**Records provided:**

-*-*-

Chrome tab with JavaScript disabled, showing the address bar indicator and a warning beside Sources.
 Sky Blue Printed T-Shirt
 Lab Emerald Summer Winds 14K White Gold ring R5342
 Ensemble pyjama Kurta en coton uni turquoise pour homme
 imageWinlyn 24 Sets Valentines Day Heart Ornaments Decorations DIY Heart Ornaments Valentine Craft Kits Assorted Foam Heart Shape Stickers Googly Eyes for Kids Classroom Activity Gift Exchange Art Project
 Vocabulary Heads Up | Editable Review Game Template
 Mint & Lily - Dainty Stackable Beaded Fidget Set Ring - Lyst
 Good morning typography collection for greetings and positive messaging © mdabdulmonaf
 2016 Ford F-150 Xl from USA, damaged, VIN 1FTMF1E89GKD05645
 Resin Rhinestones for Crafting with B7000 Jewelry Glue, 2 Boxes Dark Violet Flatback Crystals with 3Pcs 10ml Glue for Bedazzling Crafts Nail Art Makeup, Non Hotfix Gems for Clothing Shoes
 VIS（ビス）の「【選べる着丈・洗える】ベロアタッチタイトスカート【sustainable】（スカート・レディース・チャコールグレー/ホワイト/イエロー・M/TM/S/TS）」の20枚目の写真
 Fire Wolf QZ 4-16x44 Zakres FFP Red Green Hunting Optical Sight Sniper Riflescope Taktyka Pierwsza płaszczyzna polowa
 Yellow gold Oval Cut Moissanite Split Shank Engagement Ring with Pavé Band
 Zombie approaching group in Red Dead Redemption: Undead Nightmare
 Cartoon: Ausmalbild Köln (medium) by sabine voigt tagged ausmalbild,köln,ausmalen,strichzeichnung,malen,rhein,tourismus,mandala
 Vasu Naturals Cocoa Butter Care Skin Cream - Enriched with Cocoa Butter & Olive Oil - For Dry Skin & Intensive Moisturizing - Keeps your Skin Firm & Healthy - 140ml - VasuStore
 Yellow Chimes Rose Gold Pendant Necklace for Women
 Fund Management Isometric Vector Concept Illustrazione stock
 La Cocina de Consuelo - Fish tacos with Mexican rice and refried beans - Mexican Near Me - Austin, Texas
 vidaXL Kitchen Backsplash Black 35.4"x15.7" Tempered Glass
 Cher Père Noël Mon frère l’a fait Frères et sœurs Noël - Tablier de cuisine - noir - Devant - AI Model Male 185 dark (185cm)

-*-*-

Reproduce every record above exactly as it appears.

**Task output:**
Chrome tab with JavaScript disabled, showing the address bar indicator and a warning beside Sources.
 Sky Blue Printed T-Shirt
 Lab Emerald Summer Winds 14K White Gold ring R5342
 Ensemble pyjama Kurta en coton uni turquoise pour homme
 imageWinlyn 24 Sets Valentines Day Heart Ornaments Decorations DIY Heart Ornaments Valentine Craft Kits Assorted Foam Heart Shape Stickers Googly Eyes for Kids Classroom Activity Gift Exchange Art Project
 Vocabulary Heads Up | Editable Review Game Template
 Mint & Lily - Dainty Stackable Beaded Fidget Set Ring - Lyst
 Good morning typography collection for greetings and positive messaging © mdabdulmonaf
 2016 Ford F-150 Xl from USA, damaged, VIN 1FTMF1E89GKD05645
 Resin Rhinestones for Crafting with B7000 Jewelry Glue, 2 Boxes Dark Violet Flatback Crystals with 3Pcs 10ml Glue for Bedazzling Crafts Nail Art Makeup, Non Hotfix Gems for Clothing Shoes
 VIS（ビス）の「【選べる着丈・洗える】ベロアタッチタイトスカート【sustainable】（スカート・レディース・チャコールグレー/ホワイト/イエロー・M/TM/S/TS）」の20枚目の写真
 Fire Wolf QZ 4-16x44 Zakres FFP Red Green Hunting Optical Sight Sniper Riflescope Taktyka Pierwsza płaszczyzna polowa
 Yellow gold Oval Cut Moissanite Split Shank Engagement Ring with Pavé Band
 Zombie approaching group in Red Dead Redemption: Undead Nightmare
 Cartoon: Ausmalbild Köln (medium) by sabine voigt tagged ausmalbild,köln,ausmalen,strichzeichnung,malen,rhein,tourismus,mandala
 Vasu Naturals Cocoa Butter Care Skin Cream - Enriched with Cocoa Butter & Olive Oil - For Dry Skin & Intensive Moisturizing - Keeps your Skin Firm & Healthy - 140ml - VasuStore
 Yellow Chimes Rose Gold Pendant Necklace for Women
 Fund Management Isometric Vector Concept Illustrazione stock
 La Cocina de Consuelo - Fish tacos with Mexican rice and refried beans - Mexican Near Me - Austin, Texas
 vidaXL Kitchen Backsplash Black 35.4"x15.7" Tempered Glass
 Cher Père Noël Mon frère l’a fait Frères et sœurs Noël - Tablier de cuisine - noir - Devant - AI Model Male 185 dark (185cm)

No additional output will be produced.